Unless otherwise specified, all data were analysed with a repeated-measure ANOVA with condition (matched or mismatched) as a between-subject factor and word block (first, second, third) as a within-subject factor.

Test Performance

Table 3 shows the scores on the cued recall test per condition per block. Numerically, the mismatched condition performed worse than the matched condition, but there was no statistically significant main effect of condition (F(1, 81) = 3.30, p = .073, η p 2 = .04). There was a main effect of word block (F(2, 162) = 13.06, p < .001, η p 2 = .14). Repeated contrasts showed that for all participants, recall performance improved from blocks 1 to 2 (F(1, 81) = 9.67, p = .003, η p 2 = .11) but not from blocks 2 to 3 (F(1, 81) = 3.62, p = .061, η p 2 = .04) (see footnote 6). However, we did not find an interaction effect (F(2, 162) = 0.23, p = .847, η p 2 < .01), probably because —in contrast to experiment 2— performance of participants in the matched condition also improved with task experience (see Table 3).

Table 3 Mean (and SD) recall performance (max. = 5) and mental effort rating (max. = 9) as a function of condition and word block in experiment 3

Mental Effort

Table 3 shows the descriptive statistics of the mental effort scores in experiment 3. The analysis revealed no significant main effect of condition (F(1, 81) = 0.02, p = .894, η p 2 < .01). There was a main effect of word block (F(1.63, 131.76) = 7.39, p = .002, η p 2 = .08) but no interaction effect (F(1.63, 131.76) = 2.20, p = .113, η p 2 = .03). To follow-up on the main effect of word block, repeated contrasts were conducted, which showed that, as in experiment 2, invested mental effort increased from blocks 1 to 2 (F(1, 81) = 12.52, p = .001, η p 2 = .13) and remained stable from blocks 2 to 3 (F(1, 81) = 0.08, p = .780, η p 2 < .01).

Eye Movement Data

As stated earlier, participants were presented with each definition twice, first without and then with a picture present. We analysed the eye movement data for the second part of the trials, in which a picture was present. As we only postulated hypotheses about the picture AoI, we did not analyse the data on the word AoI, but for completeness, we do provide the descriptive statistics in Table 4.

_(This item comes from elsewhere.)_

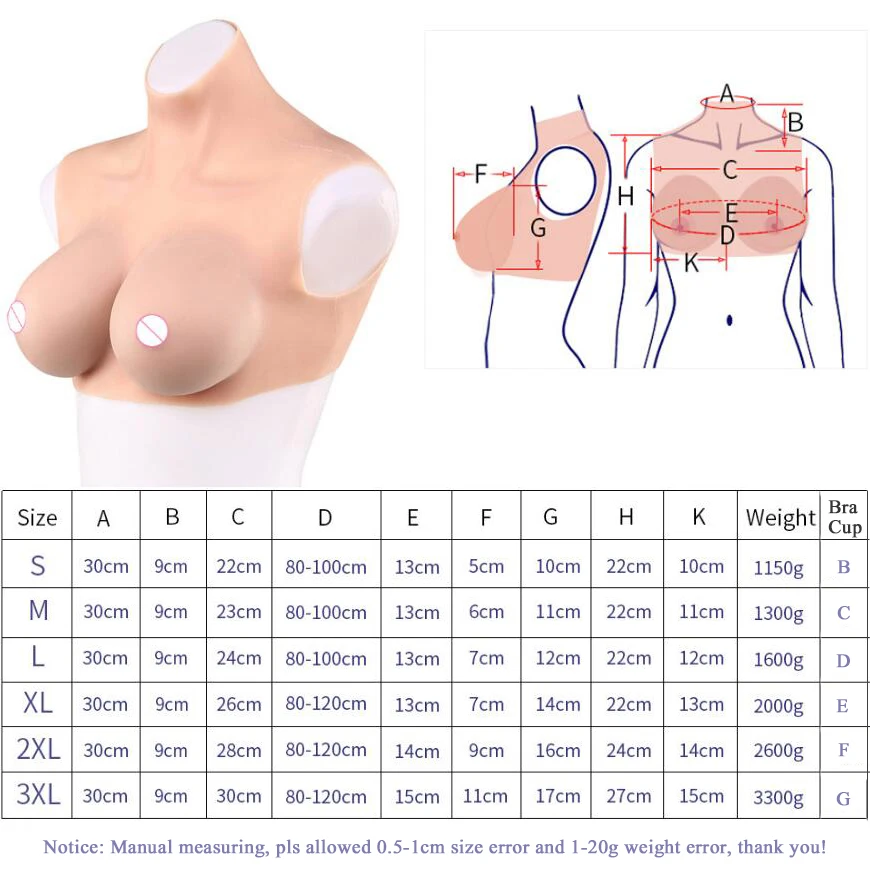 F образные силиконовые формы для груди наполнители реалистичного увеличения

Table 4 Mean (and SD) percentage of fixation time on the picture and word AoI as a function of word block and condition

The analysis of the percentage of fixation time on the picture revealed a main effect of condition (F(1, 73) = 41.80, p < .001, η p 2 = .36), showing that participants in the mismatched condition fixated less on the pictures than participants in the matched condition. Furthermore, we found a main effect of word block (F(1.83, 133.72) = 32.22, p < .001, η p 2 = .31), indicating that participants allocated less attention to the picture AoI over the course of the experiment. The interaction effect did not reach statistical significance (F(1.83, 133.72) = 2.93, p = .062, η p 2 = .04). However, the pattern of the mean fixation times across conditions seems to suggest that the decrease in fixation time on the picture AoI was larger in the mismatched condition.Footnote 6 The descriptive statistics for the word AoI suggest that the attention that was no longer allocated to the picture was now dedicated to the word.

Exploratory Analysis: Correlation Between Picture Fixation and Test Performance

To explore whether more attention to the mismatching pictures was indeed associated with lower recall performance, we computed the correlation between picture fixation time and test performance for each condition, per block. In the matched condition, we found no significant correlations between picture fixation time and test performance in any of the blocks: block 1, r(31) = −.104 (p = .566); block 2, r(31) = .031 (p = .866); and block 3, r(31) = −.174 (p = .333). In the mismatched condition, there was a negative correlation between picture fixation time and test performance, which became stronger with increasing task experience: block 1, r(40) = −.120 (p = .448); block 2, r(40) = −.310 (p = .046); and block 3, r(40) = −.523 (p < .001).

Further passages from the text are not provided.